Pilafidis subsequently joined Iraklis as a member of Dragan Šakota's coaching staff. He recommended Diamantidis to the Thessaloniki club, which acquired the player in 1999. His involvement was an important part of Diamantidis' transition from basketball in Kastoria to the professional level with Iraklis.

===Iraklis===
Pilafidis served on the coaching staff of Iraklis from 1998 to 2000, during Dragan Šakota's tenure as head coach.

He later returned as head coach during the 2001–02 season. Under Pilafidis, Iraklis finished fourth in the Greek championship, with a roster that included Nikos Hatzivrettas, Rod Blakney and Dimitris Diamantidis.

The club's performance earned qualification for European competition, although financial difficulties prevented Iraklis from taking the EuroLeague place it had earned.

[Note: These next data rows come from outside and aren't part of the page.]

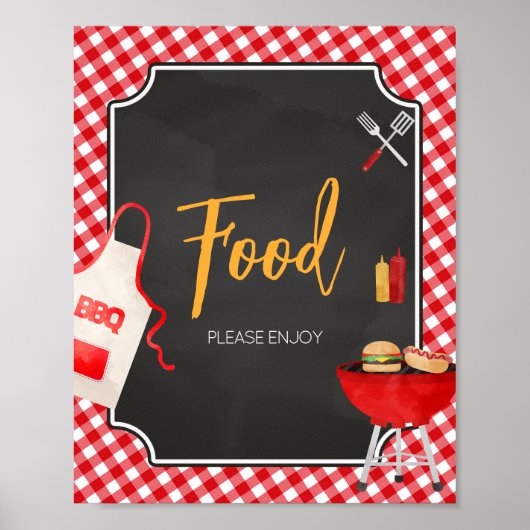 Red Gingham BBQ Baby shower Eten Poster (Voorkant)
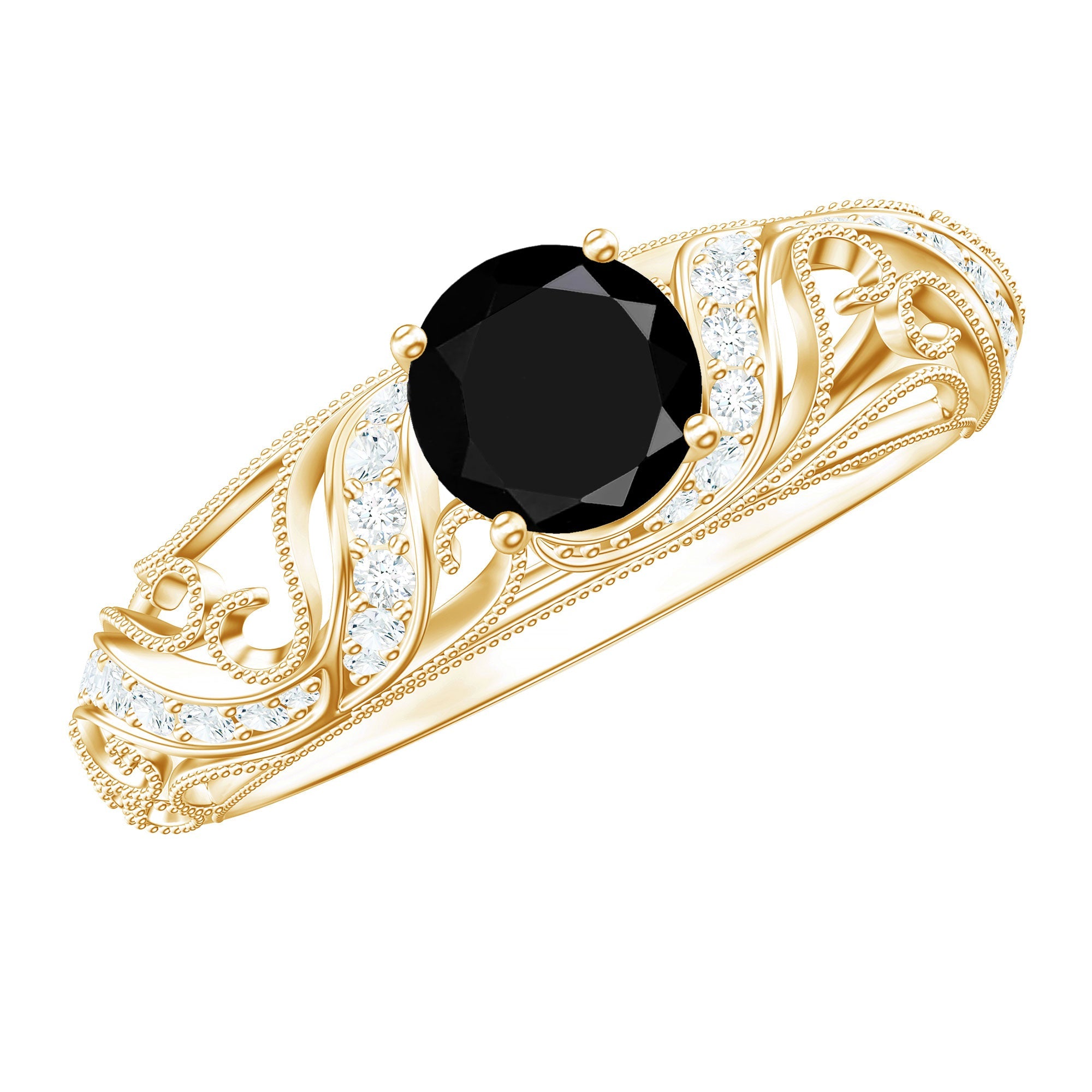 Vintage Looking Black Spinel Engagement Ring with Diamond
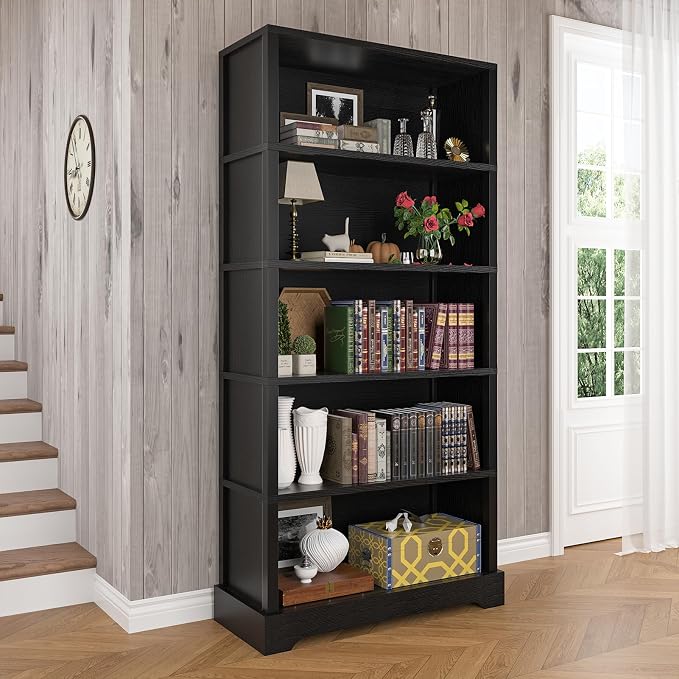 TVU 5-Tier Wooden Bookshelf, 31.5" W Standing Book Shelf - Image 8
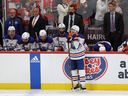 SUNRISE, FLORIDA - JUNE 24: Zach Hyman #18 of the Edmonton Oilers looks on while teammates react after their 2-1 loss against the Florida Panthers in Game Seven of the 2024 Stanley Cup Final at Amerant Bank Arena on June 24, 2024 in Sunrise, Florida.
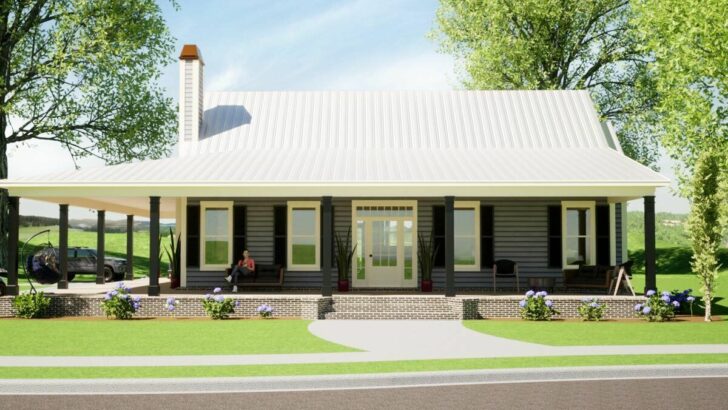 3-Bedroom One-Story Storybook Country Style House with L-Shaped Wraparound Porch (Floor Plan)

Diamantidis was among the players coached by Pilafidis during the season, while Hatzivrettas finished as the league's leading scorer.

===Ionikos Nea Filadelfeia and Makedonikos===
During the 2003–04 Greek Basket League season, Pilafidis coached two different clubs. He began the season with Ionikos Nea Filadelfeia, recording three wins in eleven league games before leaving the club.

Later in the season, he took charge of Makedonikos, coaching the club in five league games and recording two wins and three losses.

===Gymnastikos Larissas===
Pilafidis became head coach of Gymnastikos Larissas for the 2005–06 season. The newly promoted team retained its place in the Greek top division under his leadership.

Among the players who joined Gymnastikos during his tenure was Jeremiah Massey, who subsequently developed into one of the notable foreign players in the Greek league.

Pilafidis received a vote in the ballot for the Greek League Coach of the Year award following the 2005–06 season.

===PAOK===
On 20 October 2006, PAOK appointed Pilafidis as head coach, replacing Bane Prelević, who moved into the position of general manager.

One of the most notable results of his tenure was PAOK's 101–99 double-overtime victory over local rivals Aris on 10 December 2006.

While coaching PAOK, Pilafidis was selected alongside Željko Obradović to coach the Greek players' selection at the 2007 Greek All-Star Game in Lamia.

The Greek selection included players such as Dimitris Diamantidis, Fragiskos Alvertis, Vassilis Spanoulis, Giannis Bourousis, Georgios Printezis and Sofoklis Schortsanitis.

Pilafidis resigned from PAOK in March 2007 and was succeeded by Vangelis Alexandris.

===AEL 1964===
On 21 June 2007, Pilafidis was appointed head coach of AEL 1964, signing a two-year contract.

His tenure ended in February 2008 after his resignation was accepted and the two sides ended their cooperation.

===Kavala===
In August 2008, newly promoted Kavala appointed Pilafidis as head coach ahead of the club's first season in Greece's top division.

Pilafidis was given the task of establishing the newly promoted club in the top division and building a competitive roster for its first season at that level.

He received votes in the Greek League Coach of the Year ballot following the 2008–09 season.

Pilafidis remained with Kavala into the 2009–10 season before leaving the club in December 2009.

===Return to Iraklis===
On 3 August 2010, Pilafidis returned to Iraklis as head coach, eight years after his previous head coaching spell with the club. He succeeded Lefteris Kakiousis following the club's promotion back to the Greek top division.

Pilafidis resigned in early November 2010 and informed the players of his decision to leave the club.

==Later activities and recognition==
In the years following his 2010 stint with Iraklis, Pilafidis continued to make public appearances within Greek basketball.

In January 2016, he was honoured by the Greek Basketball Coaches Association (SEPK) in Thessaloniki for his contribution to basketball.

Later that year, Pilafidis participated in the inauguration of the ESAKE section of the YMCA Thessaloniki Basketball Museum alongside other figures from Greek basketball. During the event, he discussed the development of professional basketball in Greece and the changes that had taken place since the introduction of professionalism.

On 28 January 2018, Pilafidis received another honorary distinction from the Basketball Clubs Association of Thessaloniki (EKASTH) during its annual event at the University of Macedonia.